We have a very nice team with different capabilities. Florencia is an agricultural engineer, Victor a chemical engineer, Ester is an economist and Mariana is our assistant, working on administration, communication and events. We also closely work with a lot of external consultants. For instance we have someone paid by the project but working at the National Environmental Direction, who has helped us with geographic information for mapping all the different activities and information. 

The team of Proyecto Biovalor

How did the government come to propose such a project?

Back in 2013, the original name of the project was ‘Uruguay towards a Green Economy’. We didn’t know exactly what we were looking for, but we knew we needed to start. Uruguay had to go through a big energy transformation, and we now have 98% of energy in the electric grid being renewable - a lot of wind and solar energy, hydraulic energy and biomass. 
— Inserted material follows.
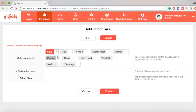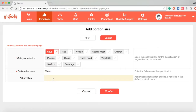This function is used for adding the option of warm, cold, hot, small, medium, and big. The abbreviation is optional — if the name of the portion is too long, the bill will be printed in short form instead. Thanks for watching!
The Ministry of Industry and Energy—which was promoting this transformation—proposed this project in order to add value to waste. We knew that agro-industrial waste to energy is not sustainable, so the Ministry of Agriculture tried to open our minds and think about other ways to add value. I think it was a great action by the national government. 

Why the focus on agro-industrial waste? 

The Uruguayan economy is very agro-industrial, we export large volumes of meat and milk, and we don’t have a lot of industry. We are primary-sector intensive, which is a sector that extracts a lot of natural resources by definition. 

The project was initially focused on three technologies: anaerobic digestion, compost and nutrients recovery, and alternative combustion to transform waste into energy. Later on—thinking that these technologies might not have been good or feasible for different types of producers—they open a fourth focus area for any other by-product. This has brought a lot of benefits to the project, opening an avenue for the exploration of other alternatives.

If you look at the Butterfly Diagram from the Ellen MacArthur Foundation, we started with the least value-adding loops with traditional technology and we are now moving towards closed loops where we can add more value. Through the project, for instance, we have been promoting anaerobic digestion in a dairy farm. We are aware that this is not fully economically feasible and it’s not the panacea, but it’s better than landfill.  In terms of long-term sustainability, however, these technologies are not enough.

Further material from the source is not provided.